Rodriguez’ argument is that the concentration on the age of the wine, with no notice taken of site, reduces the complexity of the appellation, which after all is known as “the land of 1,000 wines”. “We’re happy to be generic,” he says with regret.

For at least a decade, Rioja aficionados and professionals have readily understood the difference between ‘modern’ and ‘traditional’ wines. The latter, picked earlier, macerated with minimal skin contact, aged in American oak, are lighter, more Bordeaux-like – classic Rioja Tempranillo. 

The former, popularised by pioneers such as Rodriguez, Artadi and Palacios, and ultra-premium modern bodegas such as Roda, put all the emphasis on the vineyard, producing single-vineyard wines and blends of complexity and finesse, introducing French oak and reducing ageing times, making wines that are sometimes criticised as being too ‘international’ in style, but which at their best give an indelible sense of terroir.

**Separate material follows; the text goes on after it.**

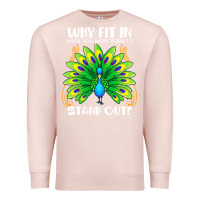 Pale Pink peacock inspired beautiful color bird (3) Premium Sweatshirt - linhVisuals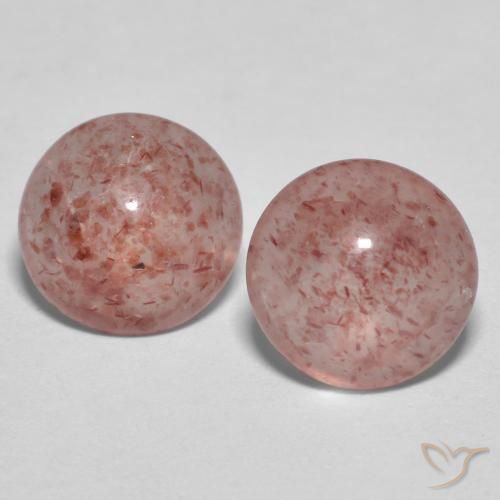 1.92ctw Naturale Rosa intenso rosa Quarzo Fragola, Rotondo, Trasparente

This has galvanised the independent end of the market. Traditional Rioja is still the mainstay of many importers (the Wine Society’s best sellers are “good traditional-style Rioja as epitomised by producers such as La Rioja Alta”, according to Spanish buyer Pierre Mansour) but importers who specialise in more artisanal wines from small producers are excited. 

London-based Indigo Wines, for example, has just taken on Remelluri, the family bodega of the Rodriguez family and one of the pioneers of terroir Rioja. Buyer Alvaro Ribalta tells DI its interest in Rioja had been lukewarm at best. “Generally we have it because we have to have it and up to now we haven’t really been proud of the offering. Until Remelluri, that is. We’re really proud
of that.”

But artisanal, terroir-driven wines make up a tiny percentage of the output of Rioja’s 800 wineries and 17,000 growers. Crianza is still the biggest category (at 104m litres it represents 40% of sales), but Reserva and Gran Reserva show the biggest increases. Gran Reserva sales jumped by just under 50% in the domestic market.

Premium offering

This is in line with the Consejo Regulador’s stated aim of premiumising the offering. The main goal, the regulatory body says, is “the specialisation in high added-value categories and turning barrel-aged wines into [the] spearhead. The Rioja Reserva and Gran Reserva categories provide a differential personality and strong reputation.”

But while Rioja outperforms the wider market in terms of price levels – the average bottle price is £6.10 in the UK, compared to £5.48 across the wine market as a whole – it still suffers from an inferiority complex, especially in the UK.

“The UK is open to premium wines but it’s difficult for Spanish fine wines,” Roda export manager Victor Charcán says. “Rioja has a reputation for value, and that means promotions and discounts. The challenge is to take the consumer of high-end wines over to Rioja.”

Across the Atlantic, the story is similar. Sales of Rioja in the US fell by 1.85% in 2014, but retailers are still bullish about the region’s prospects – as long as Rioja continues to mean value. 

At Calvert Woodley in Washington DC, president Michael Sands says: “Spain in general is one of the biggest category jumps for us. The quality is very high for the price, it’s approachable on release, and it’s affordable.” Others, such as Peter Yi of PJ Wines in New York, note that Reserva at $13-$15 is the “sweet spot”, and the trend is for the traditional style. “The expensive ‘super-Riojas’ are trending down.”

Meanwhile, at home, Rioja continues to dominate: 62% of the region’s output is sold in Spain. The statistics as published by the Consejo Regulador are dramatic. Eight of 10 bottles in the Spanish on trade are from Rioja, either Crianza, Reserva or Gran Reserva. Unsurprisingly, sales are concentrated in north-central Spain, but 15% of sales go to the south.

However rosy the picture, producers are not complacent. Albert Martinez may reckon its only competitors are its DO neighbours, but that is “huge competition”. For Muriel, a powerful brand is the key. “The Muriel name must be stronger than the region. This is not to deny the importance of Rioja. Rioja is established. Now we have to build our brand.”